Your task is to extract every entry that follows word for word while excluding the pictures.

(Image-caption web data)
━━━━━━

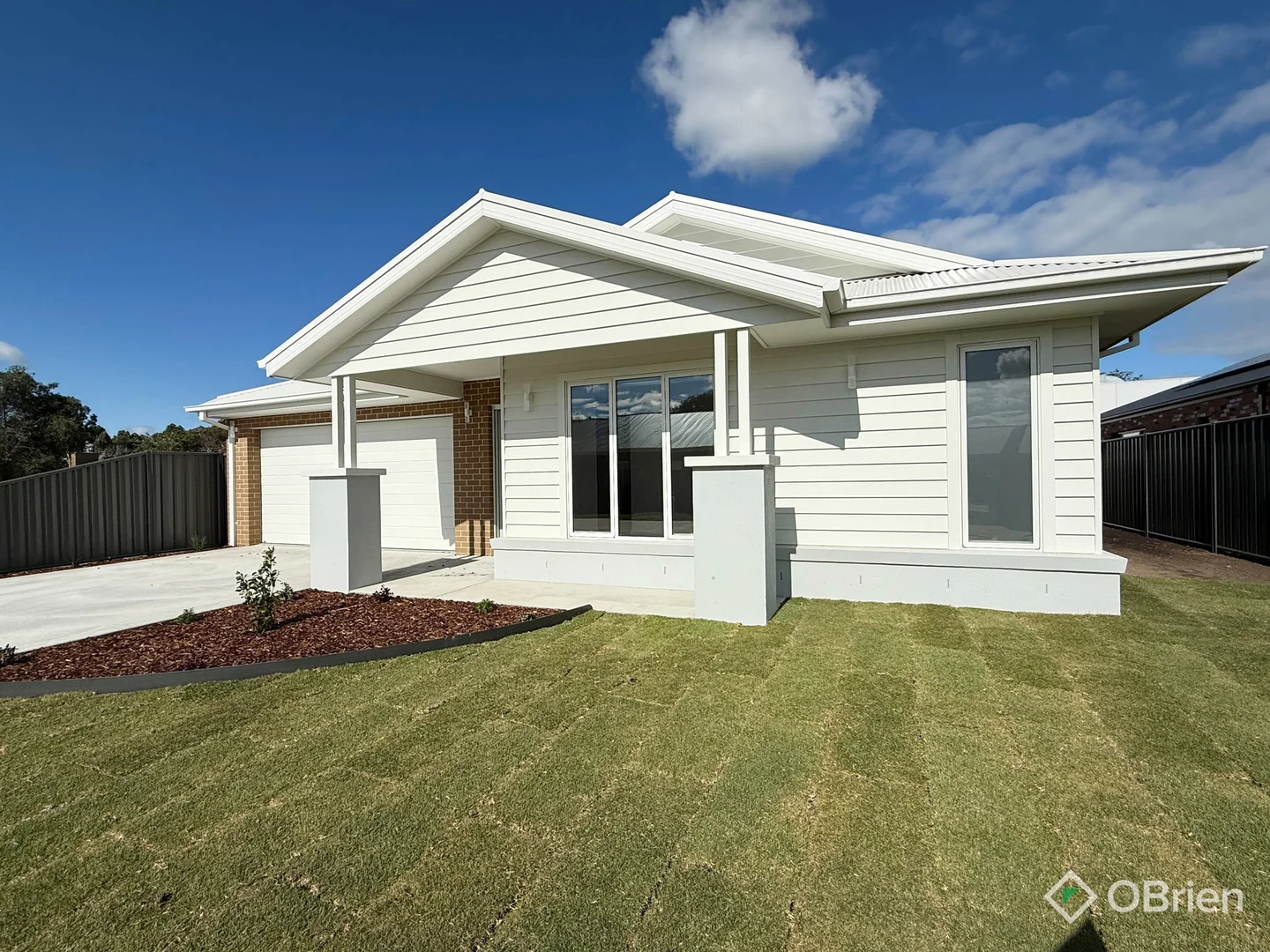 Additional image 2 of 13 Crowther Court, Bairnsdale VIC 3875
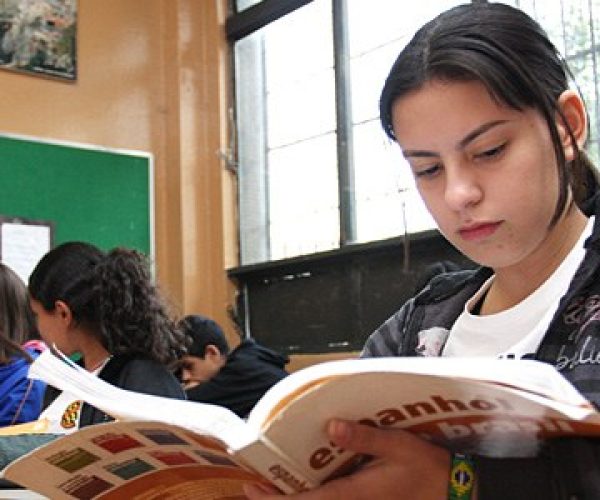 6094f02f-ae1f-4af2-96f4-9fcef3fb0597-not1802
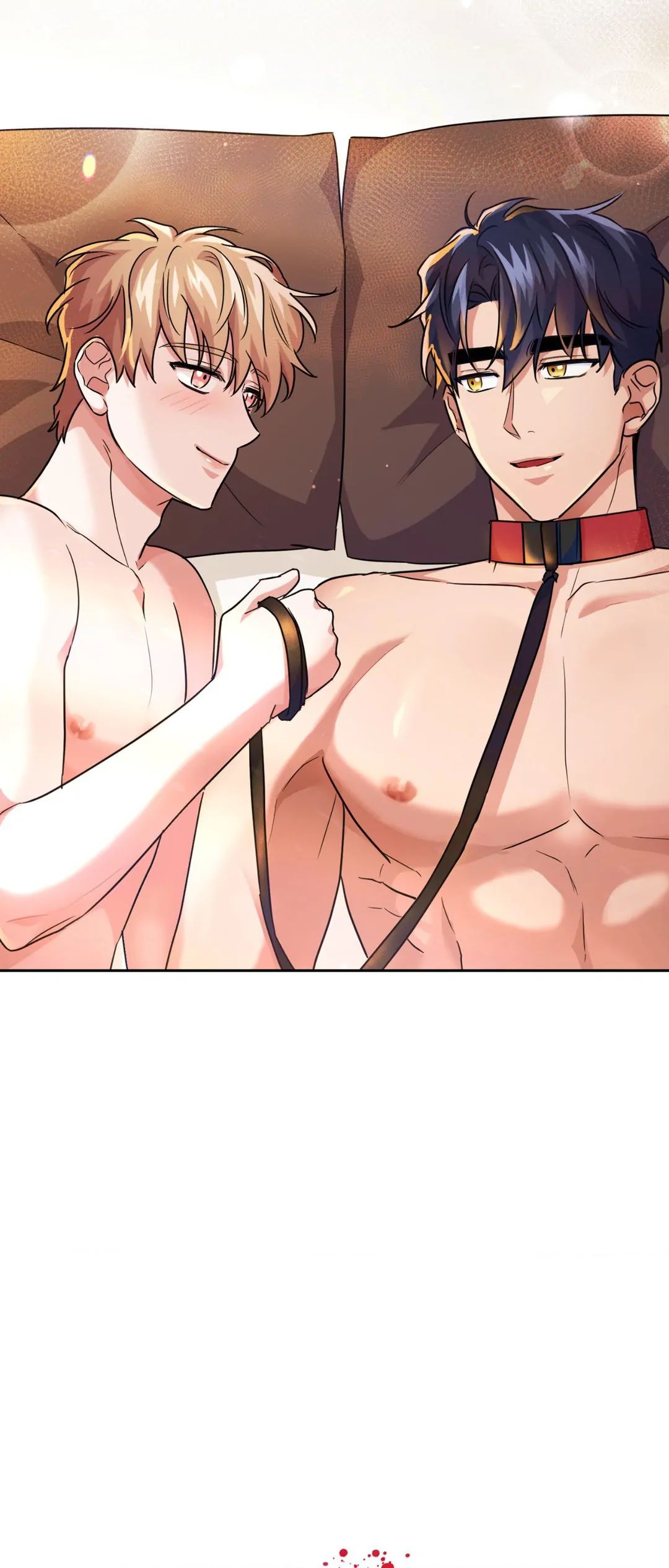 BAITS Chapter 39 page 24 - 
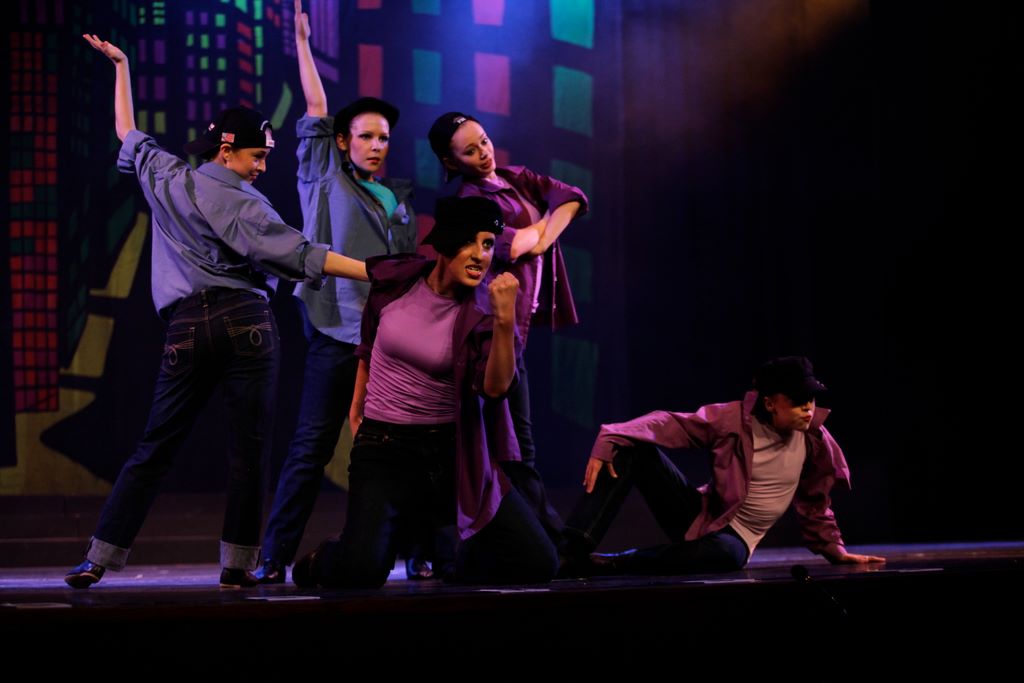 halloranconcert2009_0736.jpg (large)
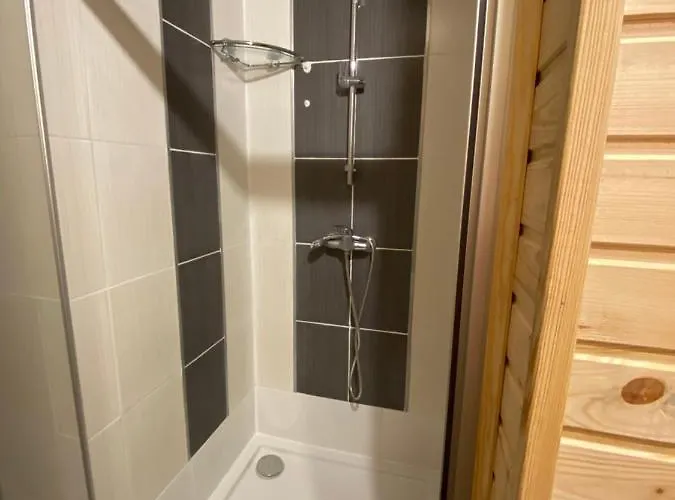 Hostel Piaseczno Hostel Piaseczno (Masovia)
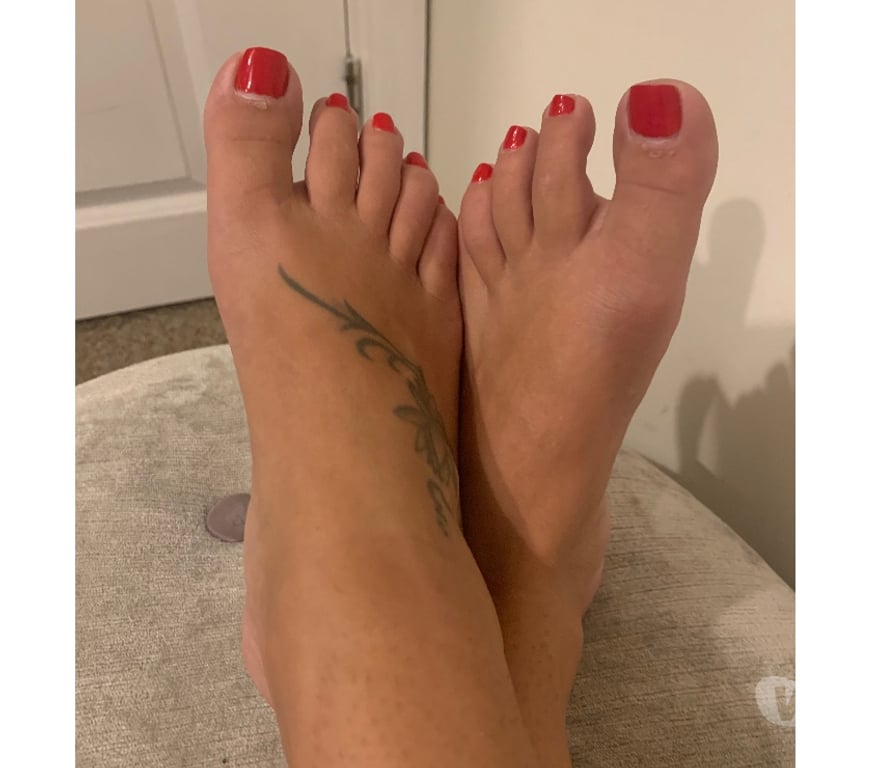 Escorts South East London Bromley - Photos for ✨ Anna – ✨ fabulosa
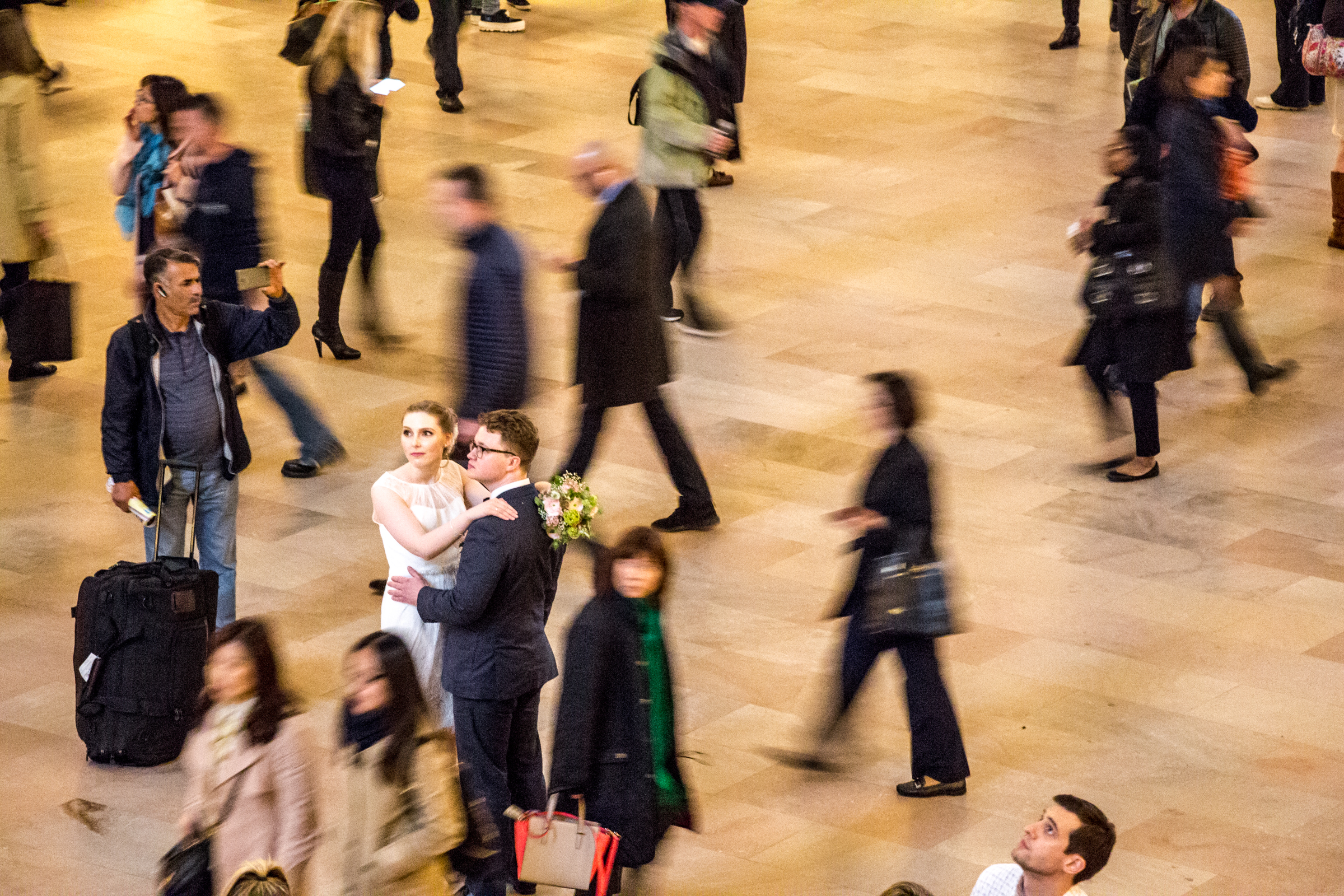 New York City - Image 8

━━━━━━

_YOUR RESPONSE_
 Additional image 2 of 13 Crowther Court, Bairnsdale VIC 3875
 6094f02f-ae1f-4af2-96f4-9fcef3fb0597-not1802
 BAITS Chapter 39 page 24 - 
 halloranconcert2009_0736.jpg (large)
 Hostel Piaseczno Hostel Piaseczno (Masovia)
 Escorts South East London Bromley - Photos for ✨ Anna – ✨ fabulosa
 New York City - Image 8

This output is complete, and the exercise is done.